I think the doctor who prescribed the pills kind of picked up on that. But rather than try to get to the root of my problem, which I didn't really understand at the time, he just doubled my dosage and called it a day. So, with twice the dosage, would I be twice as "happy"? Surprisingly, no. Instead of better balancing my emotional state, it just burned it out completely. I didn't feel happy or sad. I didn't feel anything.  Which just bothered me more. Still, I just struggled with it and pushed on.

Things didn't get easier. Over the course of a few months, my grandmother passed away, I ended up withdrawing from college, losing my job in the process, and after a bitter fight, ended up parting company with one of the few friends I had left. So, I just became more withdrawn. I felt more and more outside of the rest of the world. And I hated the pills because I couldn't even feel sad about any of it.
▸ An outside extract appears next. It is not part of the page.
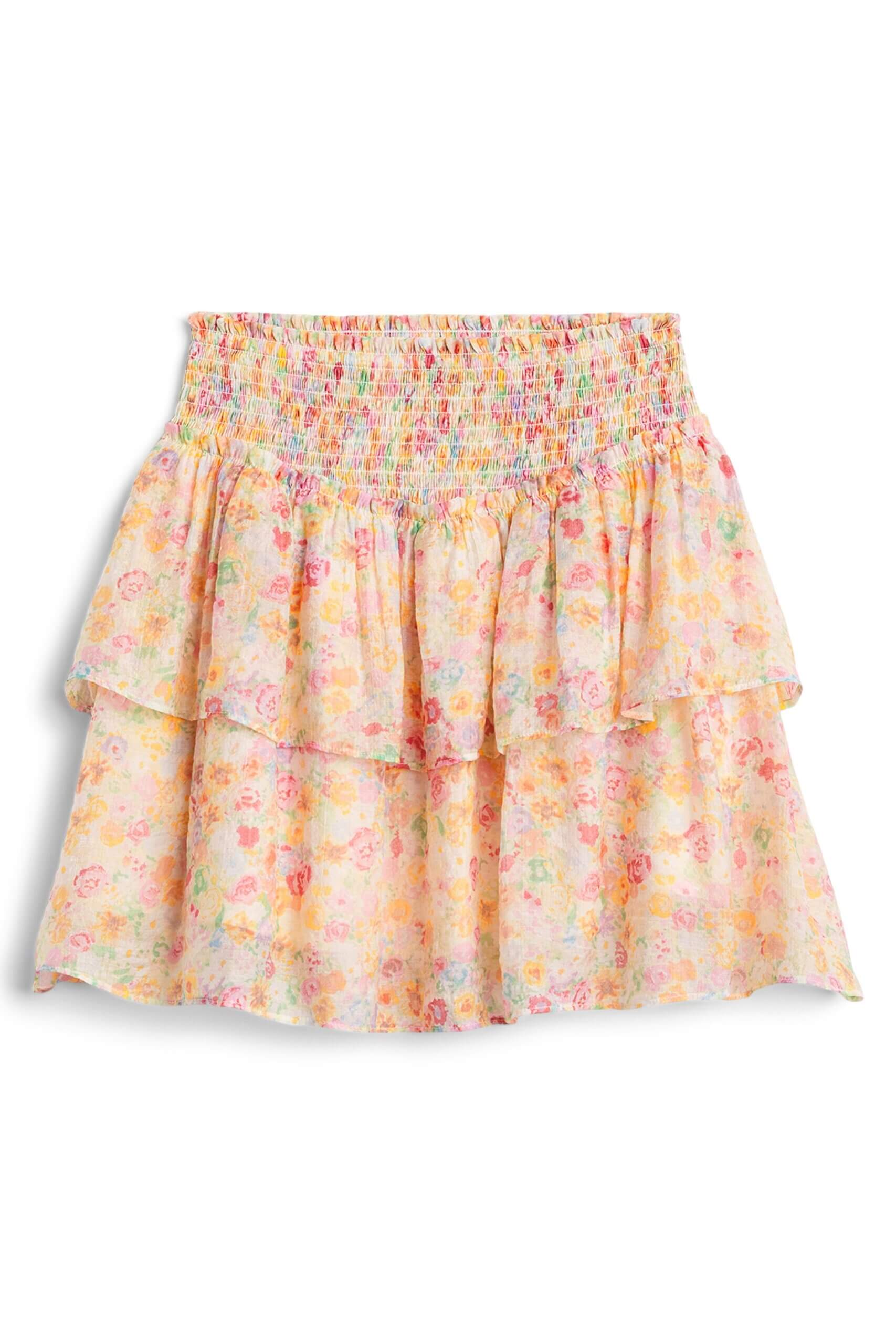 Stitch Fix women’s yellow floral printed tiered miniskirt.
The doctor wouldn't take me off of the pills, so I ended up taking myself off of them. I started staggering my doses until I just stopped taking the pills. The withdrawals I went through over the next two weeks were not pleasant. But at least I was off the pills. So maybe my emotions would return, even if they were mostly negative. They didn't come back.

I would end up gaining a few more friends when a friend who had previously moved away came back into town, bringing a small social circle with him. So, it was nice going from mostly sitting at home alone to actually hanging out with and talking to people. And for a while, I actually felt a bit closer to "normal".

As time went on, it started becoming clear that these people weren't really my friends. I was just someone to make them feel better about themselves. Eventually, I decided that having "friends" wasn't worth all the headache, and stood up for myself. When it became clear that I wasn't their doormat anymore, they left.

Which brings us to the here and now. I found myself at a particularly low point when the last couple of friends that I really had left found themselves with significantly less free time to spare for me. Finding myself sitting at home alone with no one to talk to again, I hit another mental breaking point.

And so, I'm back on anti-depressants. I'm taking the lowest dose possible now. It doesn't really make me feel "better", but it keeps me more focused where I don't dwell on the negative feelings as much.

Despite that, I actually do feel a bit better this time around. I recently made a new friend who has a better understanding of my mental state and my social anxiety. It's a lot easier to talk to people who can see where you're coming from, so while I still don't feel "normal", at least I don't feel quite so alone anymore.

1 comment:

  1. I learned the hard way that many of those people that I thought were my friends really weren't. Now, I have 1 or 2 people that I would call a true friend. I know our brains think differently, but know I love ya and am here if you ever need to talk!